3 retirement Rules Everyone Should Follow -- at Any Age
The more you think about and plan for your retirement, the better it's likely to be. And since it can be 20 or 30 years of your life or more, it's well worth it.
According to the 2019 retirement Confidence Survey, among those aged 50 or older, only 30% had saved $250,000 or more for retirement, while fully 27% had saved less than $10,000! That reflects too many Americans who haven't given sufficient thought to their financial futures.
It's dangerous to leave your retirement to chance, even if you're still young -- because there are actions you can take at any age that can make the last third or so of your life far more comfortable and happy. Here are three retirement rules everyone should follow.
Plan for retirement now -- no matter how old you are
Even if you're several decades from retirement, it's smart to do a little retirement planning. After all, the younger you are, the longer your money can grow for you.
Clearly, you can amass big bucks if you start early. If you're 55, though, you can still improve your financial future, though it will be harder. Take advantage of retirement accounts available to you, such as traditional and Roth IRAs and traditional and Roth 401(k) plans at work. And aim to not cash out 401(k) accounts when you change jobs or borrow from them if you can avoid doing so.

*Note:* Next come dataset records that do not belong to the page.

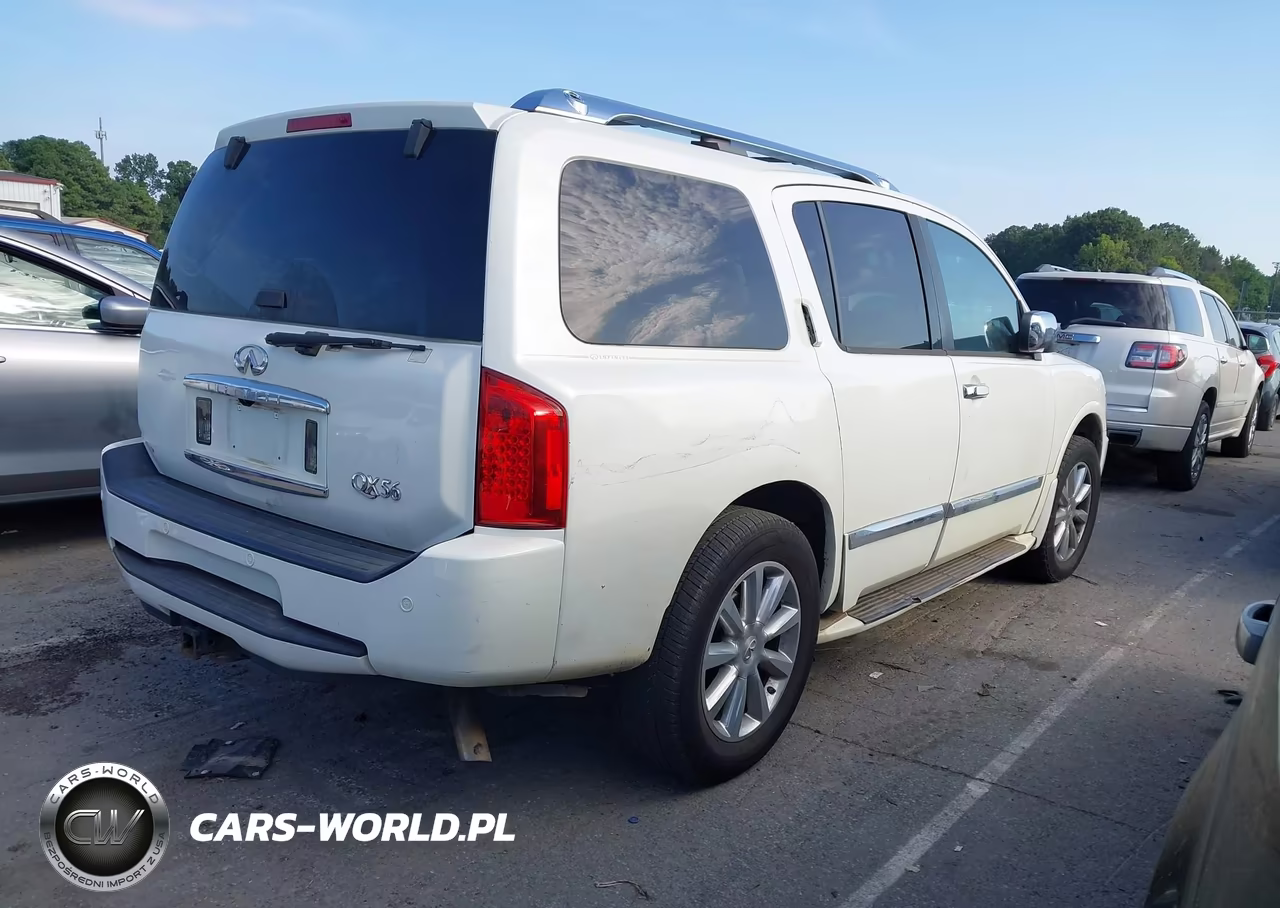 2008 Infiniti Qx56 VIN:5N3AA08C28N901291 - 4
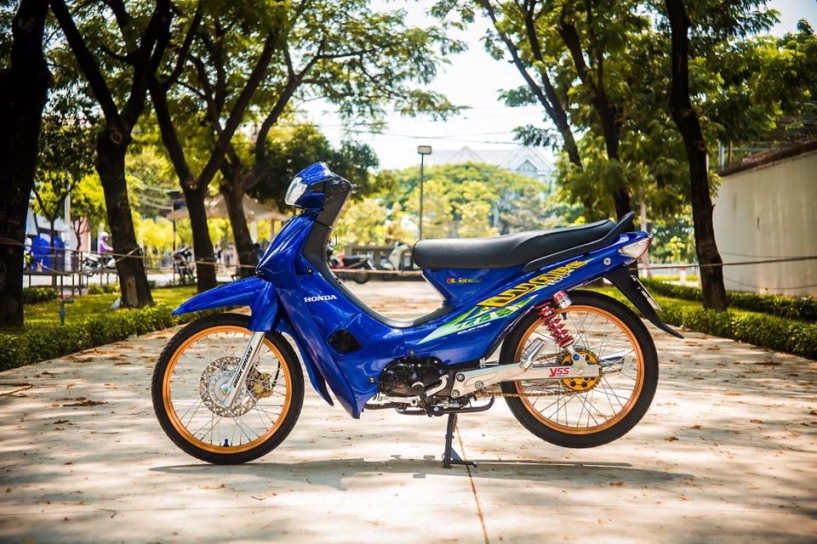 Honda wave độ style thái lan đầy phong cách và ấn tượng - 1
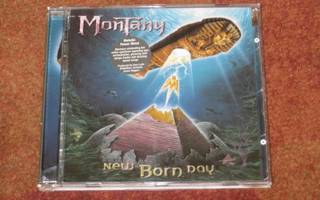MONTANY - NEW BORN DAY CD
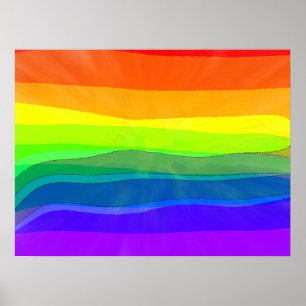 Trotse Ik-zijn-mij - LGBTQIA Pride Poster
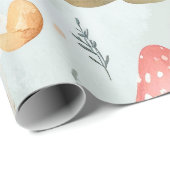 Launisches Pilz-Geschenkpapier Geschenkpapier (Rolleneckpunkt)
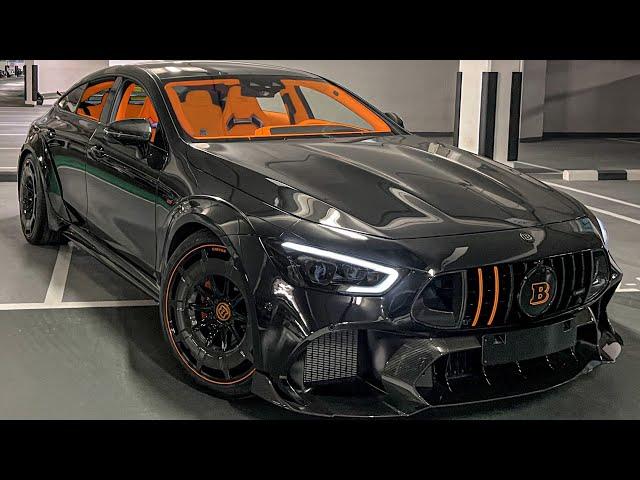 NEW 2022 GT900 ROCKET BRABUS +SOUND! 1/10 Insane 900HP Brabus BEAST!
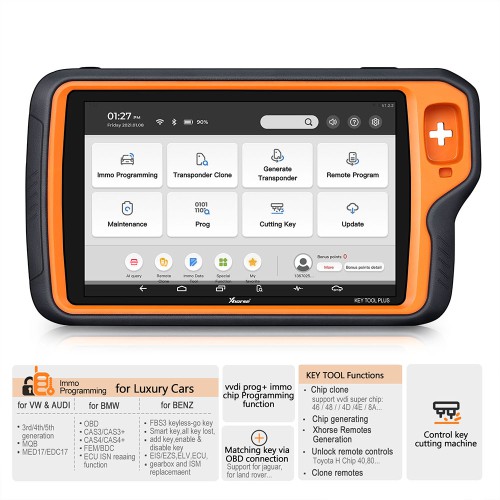 Xhorse VVDI Key Tool Plus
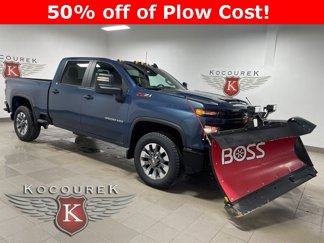 New 2025 Chevrolet Silverado 2500 Custom w/ Custom Convenience Package image 1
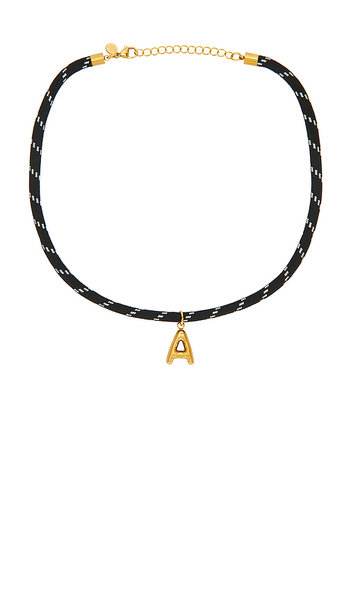  Petit Moments Sautoir Pendentif Bubble En Black. Taille A. Also En B, C, D, E, F, G, H, J, K, L, M, N, O, P, R, S, T. 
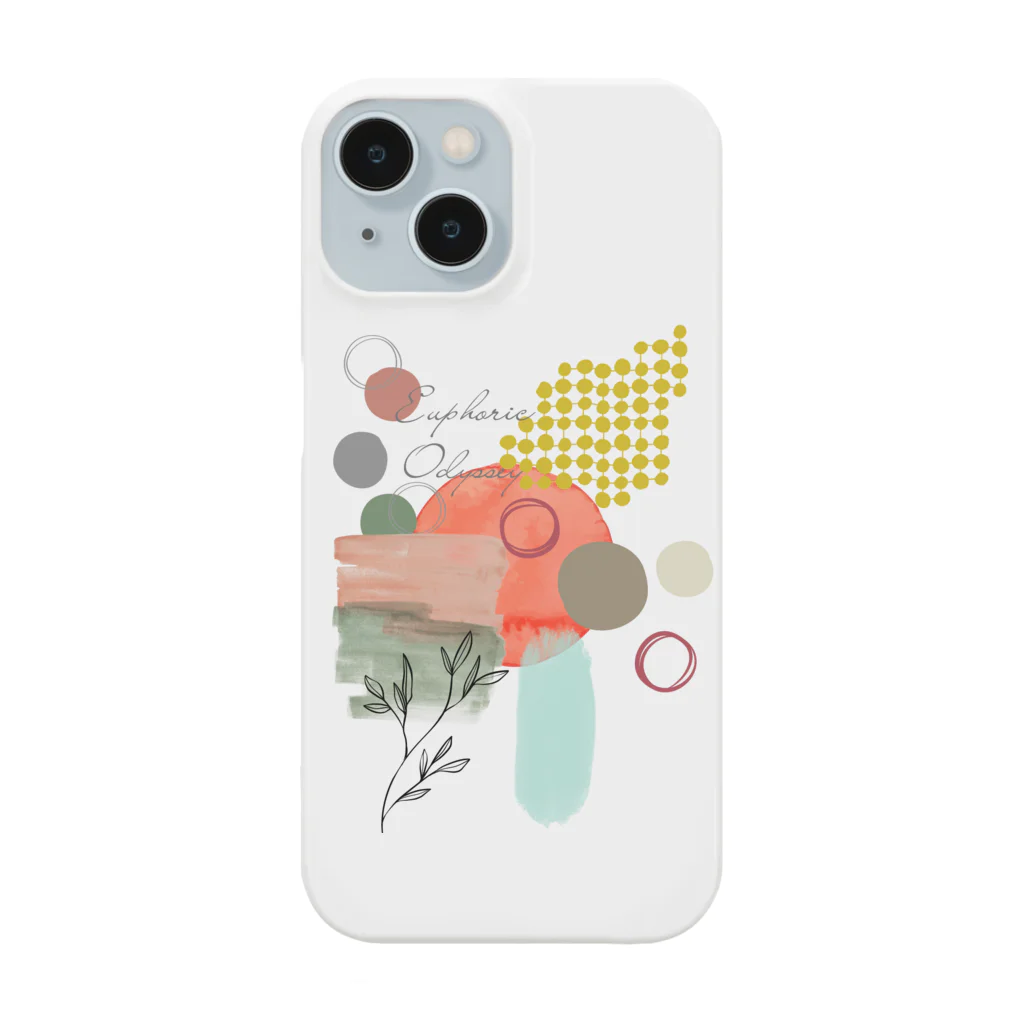 maricuaのEuphoric Odyssey Smartphone Case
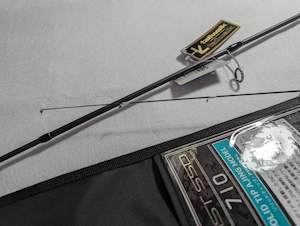 Ajing And Light Game Rod: Tailwalk AJIST SSD 710 Ajing Rod
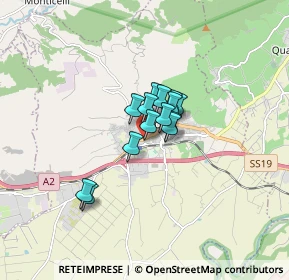 Mappa Via Rocco Scotellaro, 84025 Eboli SA, Italia (0.94429)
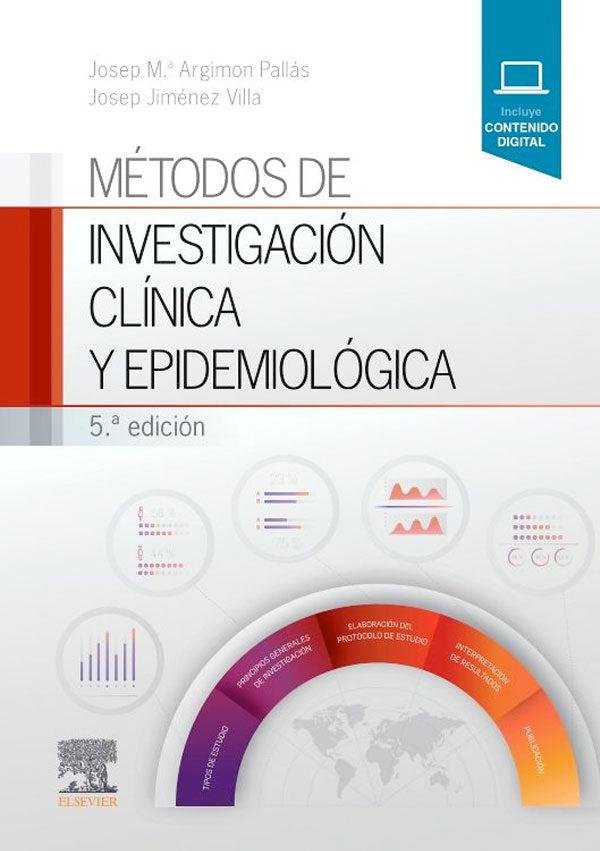 Métodos de investigación clínica y epidemiológica 5ª Ed.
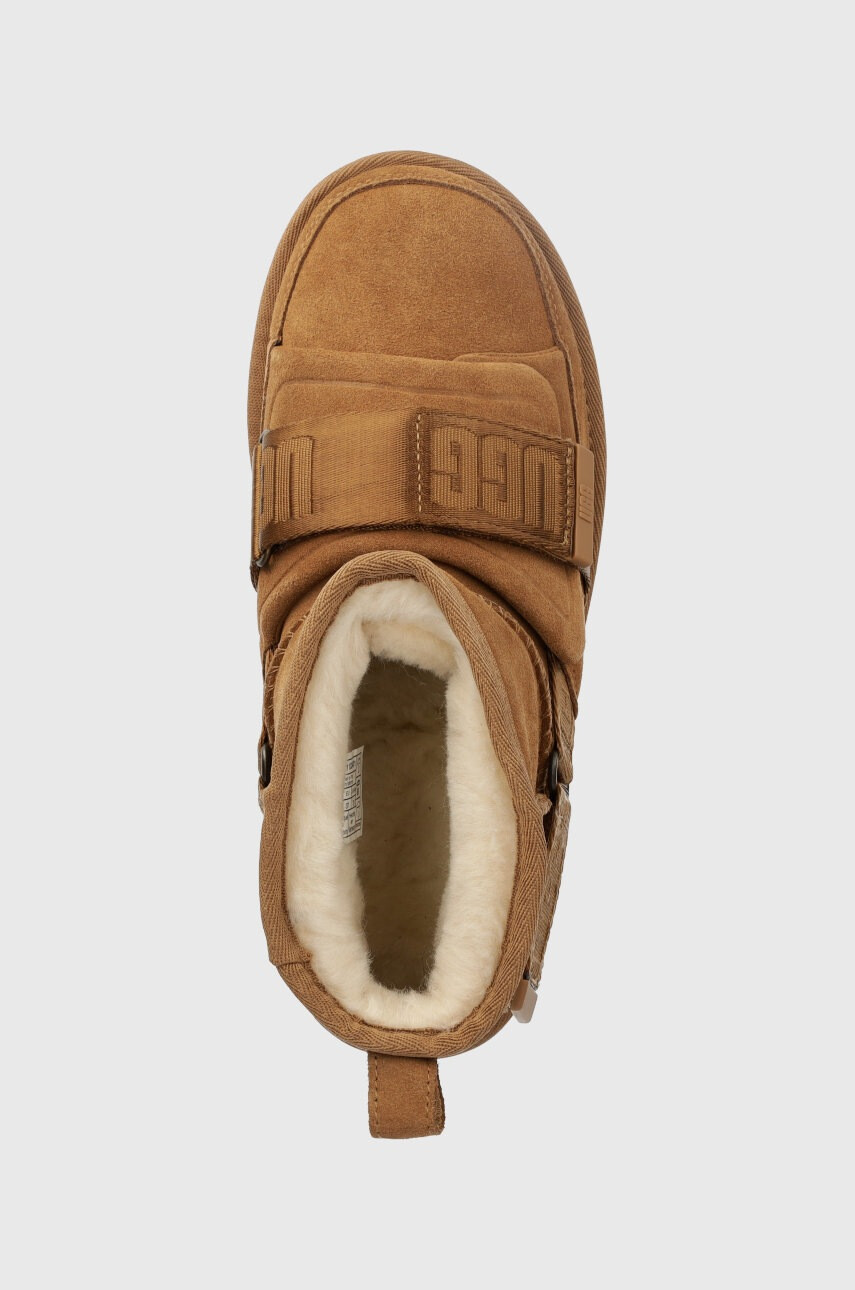Ugg Велурени апрески W Classic Ultra Mini Hybrid - Pepit.bg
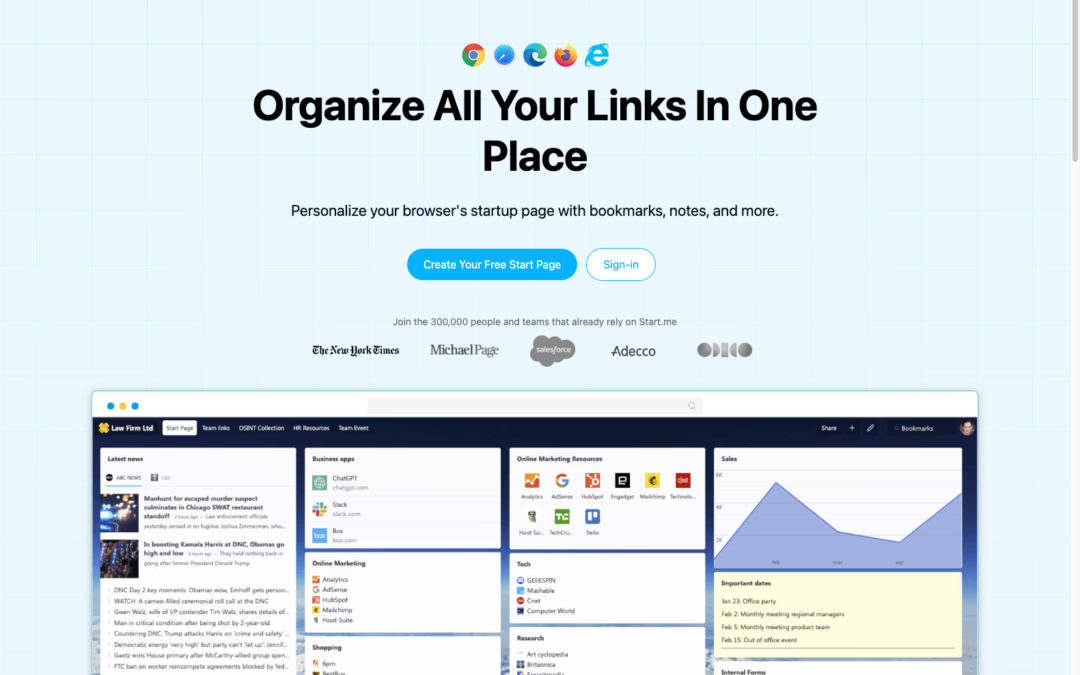Level Up Your Digital Organization: Why Start.me is My Favorite Tool + 35% Off Lifetime Deal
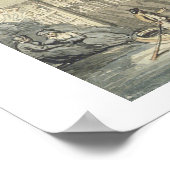 6月20日サウサンプトンで主の後に乗船 ポスター (角)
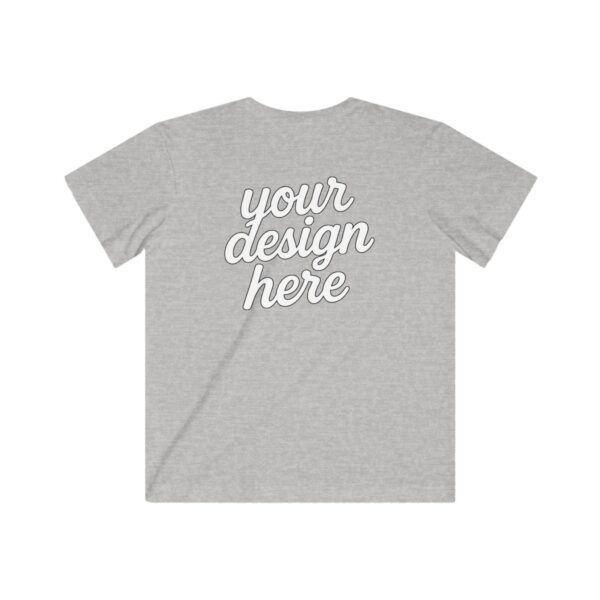 Kids Customizable Fine Jersey Tee - Perfect for Birthdays, Family Events, Casual Wear, Personal Gifts, Unique Celebrations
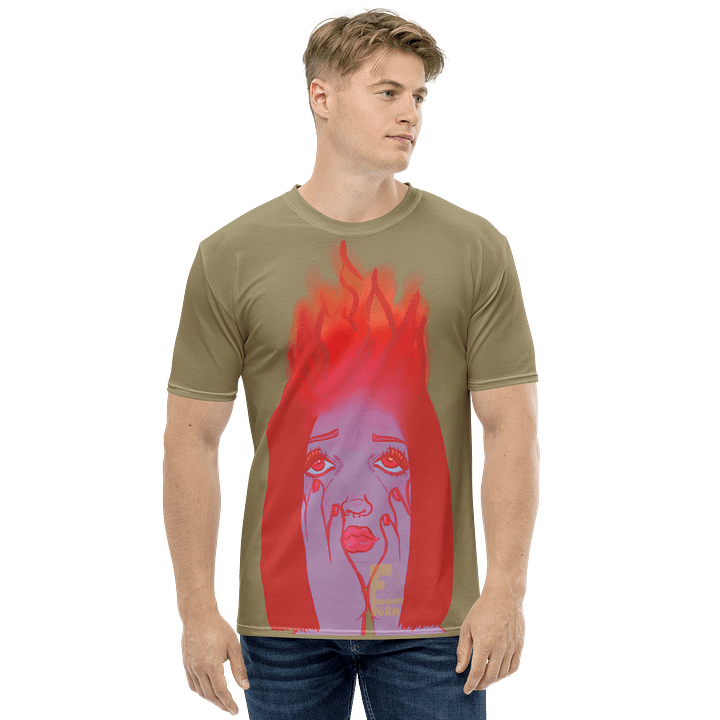 "Up in Flames" Tee product image (1)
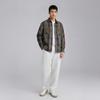 Supreme Quilted Flannel Snap Shirt 'Orange Yellow' Men's SUP-SS24-034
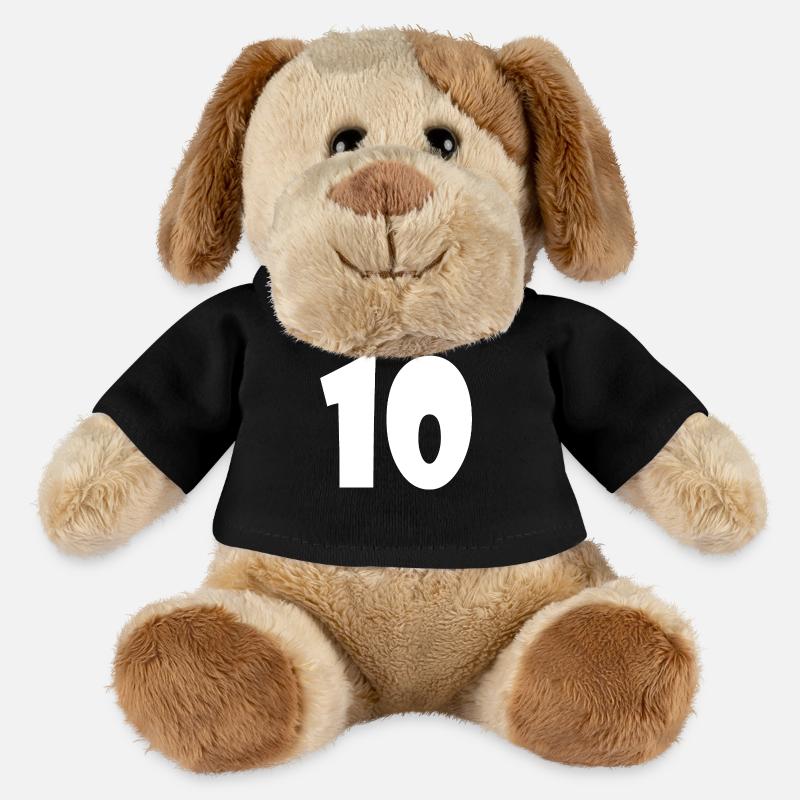 10 - MiniFeet® Hund Helge - Schwarz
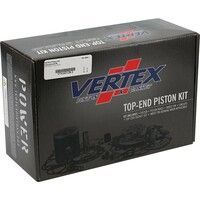 VERTEX TOP END KIT CAST 46.95/STD HUSQ/KTM 2018-2025 85SX TC85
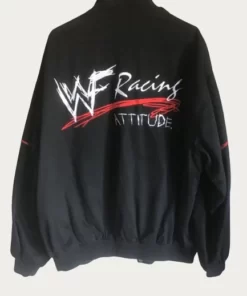 RARE Vintage Attitude WWF Racing Jacket 2023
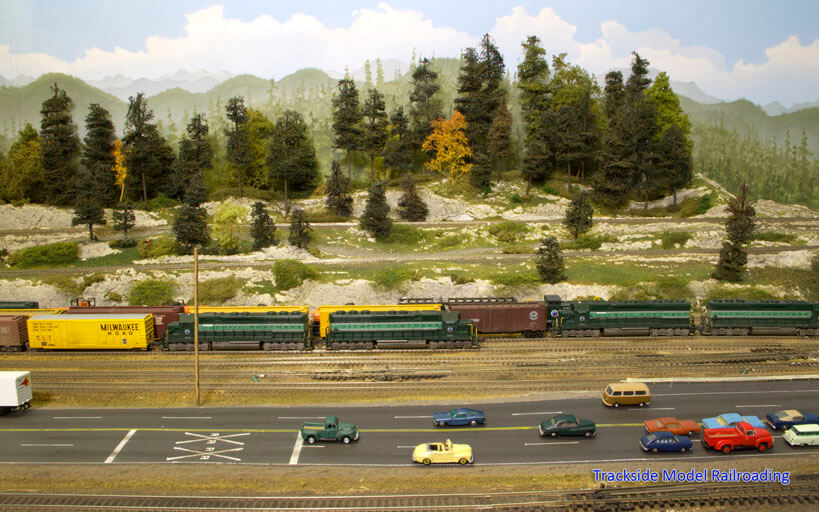 Trackside Model Railroading Roy Cutler's N Scale RAILROAD1
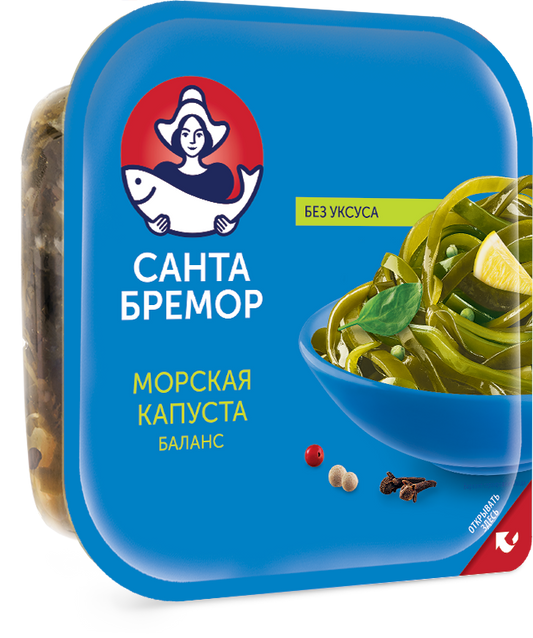 Marinierte Algen „Balance“ 200 g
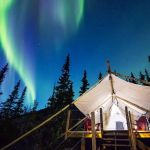 The Best Campsites for Viewing the Northern Lights in the U.S.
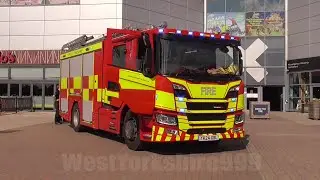 Pontefract Pump Blue Light Demo | West Yorkshire Fire & Rescue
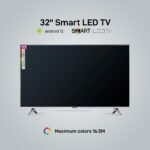 GEEPAS LED SMART TV 32" GLED3202SEHD - Image 2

The most important thing to do is to have a good plan, and to execute it. Grab a pad and pen and perhaps a calculator. Are your savings on track? How big does your nest egg need to be and will it reach that size on schedule? How will you accumulate as much as you need to? This simple online calculator can help with your planning. It's meant to calculate interest, but you can swap in your expected investment growth rate for the interest rate, and then try out different savings levels. For example, if you start with $0, sock away $8,000 per year, and expect it to grow by 8% annually, on average, over 25 years, you'll end up with about $632,000. Try different scenarios that are realistic for you.
You might want to consider an immediate annuity (as opposed to a variable or indexed annuity) as part of your plan, to provide relatively guaranteed income. Dividend-paying stocks can be another great source of income. A portfolio with $300,000 in dividend payers with an average yield of 4% will generate $12,000 per year. That sum is likely to rise over time, too, as the underlying companies increase their payouts.
Prepare for retirement in non-financial ways, too
Of course, your http://aimincusa.com/retirement/retirement will not be all about money. You'll want to build up a sufficient financial war chest, of course, but there are other ways to prepare for retirement .
For one thing, tend to your health, which is a smart thing to do throughout your life. The healthier you are, the less you'll likely spend on healthcare now and in retirement . (The folks at Fidelity Investments have estimated that a 65-year-old couple will spend, on average, around $260,000 out of pocket on healthcare over the course of their retirement.)
Know that many people find themselves bored, restless, or lonely in retirement. The routine of working is more important to some of us than we realize. Brace yourself for that and consider how you might deal with it -- maybe by getting a part-time job or taking up new hobbies. No matter how old you are now, you might look into developing some hobbies and friendships that you can carry into later years. Being social has been shown to pay big dividends, too, such as keeping you mentally and physically healthier and possibly keeping dementia at bay.
Make savvy Social Security decisions
Finally, keep Social Security in mind, too. If you're young, know that the formula used to compute your benefits is based on your earnings in the 35 years in which you earned the most money (adjusted for inflation). So aiming to work that much is best, if it makes sense for you.
As you near retirement, and even if you're a decade or two away from it, find out how much money you can expect to receive from Social Security. A visit to the Social Security website at www.ssa.gov can help with that. To give you a rough idea, the average Social Security retirement benefit was recently $1,360 per month, or about $16,000 per year, while the maximum monthly Social Security benefit for those retiring at their full retirement age in 2016 is still just $2,687 -- or about $32,000 for the whole year.
Know that you can increase or decrease your benefits by starting to collect Social Security earlier or later than your "full" retirement age, which is 66 or 67 for most of us these days. Read up on strategies to maximize your benefits, especially by coordinating your actions with those of your spouse, if you're married. For example, the spouse with the lower expected benefits might start collecting early, so that the other spouse can delay starting to collect, making the ultimate benefits heftier.
Planning for a successful retirement is a big responsibility, but you don't have to do it alone. Consider consulting a financial advisor to help you get all your ducks in a row. Ones designated as fee-only (you might find some via www.napfa.org) won't be looking to earn commissions from selling you products.
The more you think about and plan for your retirement well before you retire, the better it's likely to be.